The Leiden Student Association Minerva (Dutch: De Leidse Studenten Vereniging Minerva), also known as LSV Minerva or Minerva, is a traditional co-ed student fraternity in Leiden. The organization's motto is Virtus, Concordia, Fides (virtue, harmony, and loyalty). LSV Minerva is considered one of the most elite organizations in the Netherlands. Many influential people in the country have been a member of the student association, including many members of the Dutch royal family. In 2025, the association had just under 2,700 members.

== History ==
The Minerva Society, a student fraternity for graduates of the University of Leiden, was founded in 1814 as the first student fraternity in the Netherlands and was named after the Roman goddess Minerva.

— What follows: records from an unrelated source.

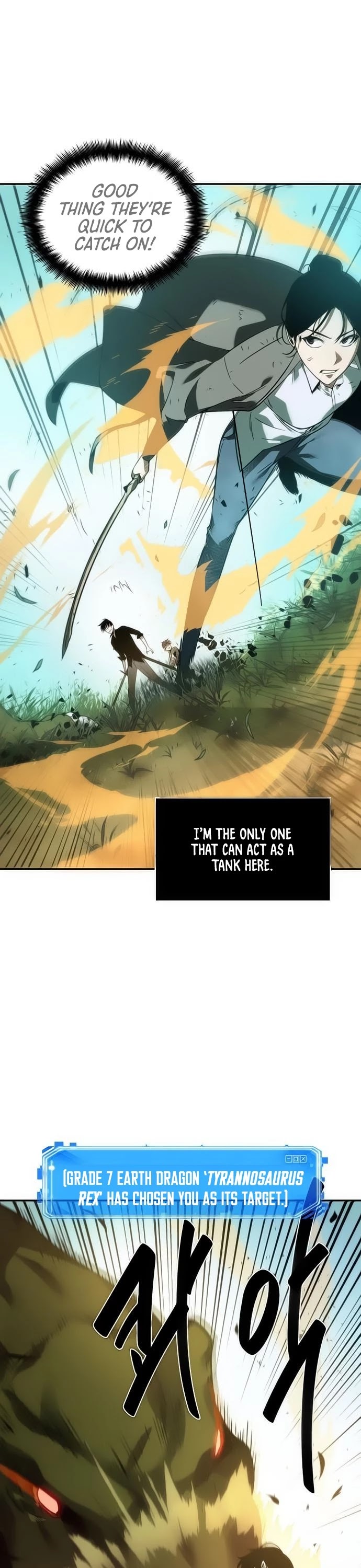 Omniscient Reader's Viewpoint Chapter 38 page 13 - Chapter 38: The Omniscient Sunfish - Part-2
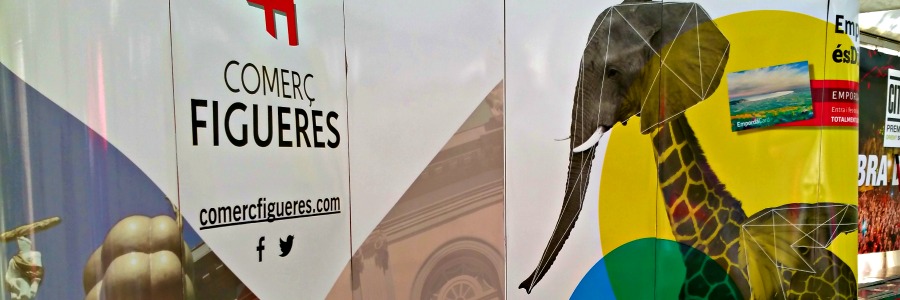 Espais Comerç Figueres a l'Acústica 2016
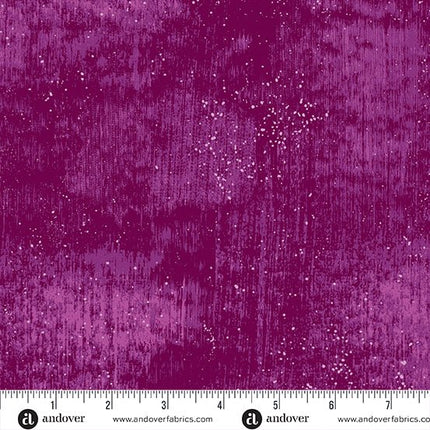 Libs Elliot Fabric | Glaze | Jam - 830-P1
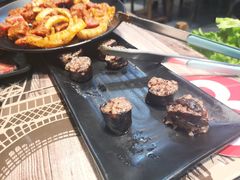 -泥炉烤肉(九龙坡店)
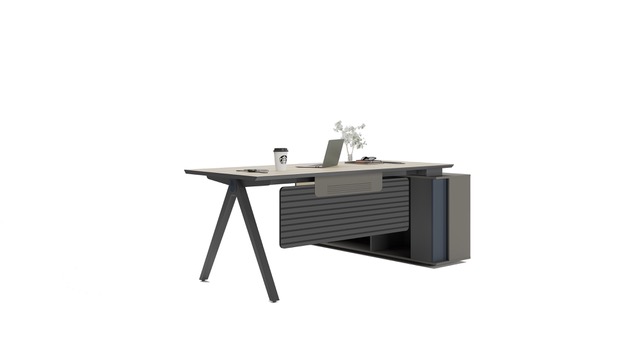 MESA ESCRITORIO HIP EJECUTIVO 1 - 63"X80"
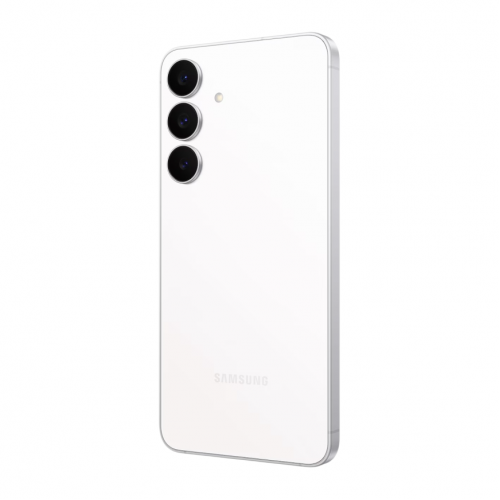 Смартфон Samsung S25 FE 8/512GB, White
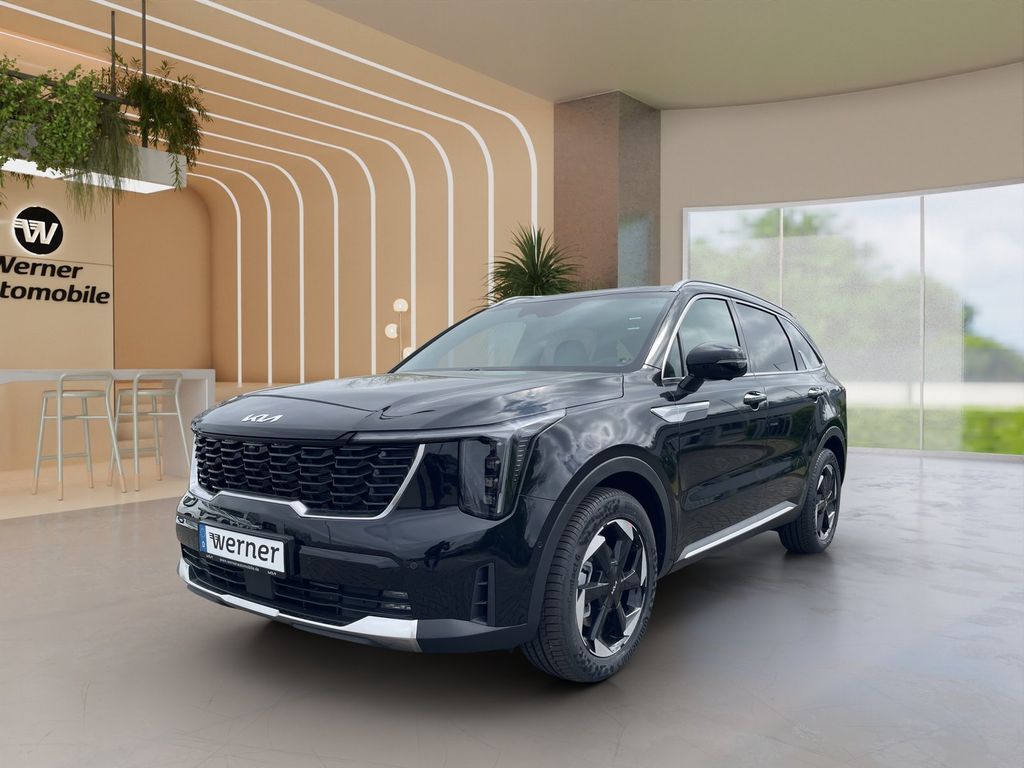 Bild des Angebotes Kia Sorento PE 1.6 T PHEV Platinum Premium  7Sitzer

In 1846, the society moved into its current headquarters at Breestraat 50 in Leiden. Following a speech by university lecturer Rudolph Cleveringa against the exclusion of Jewish professors and a student strike, the Minerva Society was banned by the National Socialist occupiers in 1940 and its property was confiscated by the Germans. It was not until the end of the war in 1945 that it was revived, and the following year Winston Churchill visited the society and said “I see tremendous forces in this room.”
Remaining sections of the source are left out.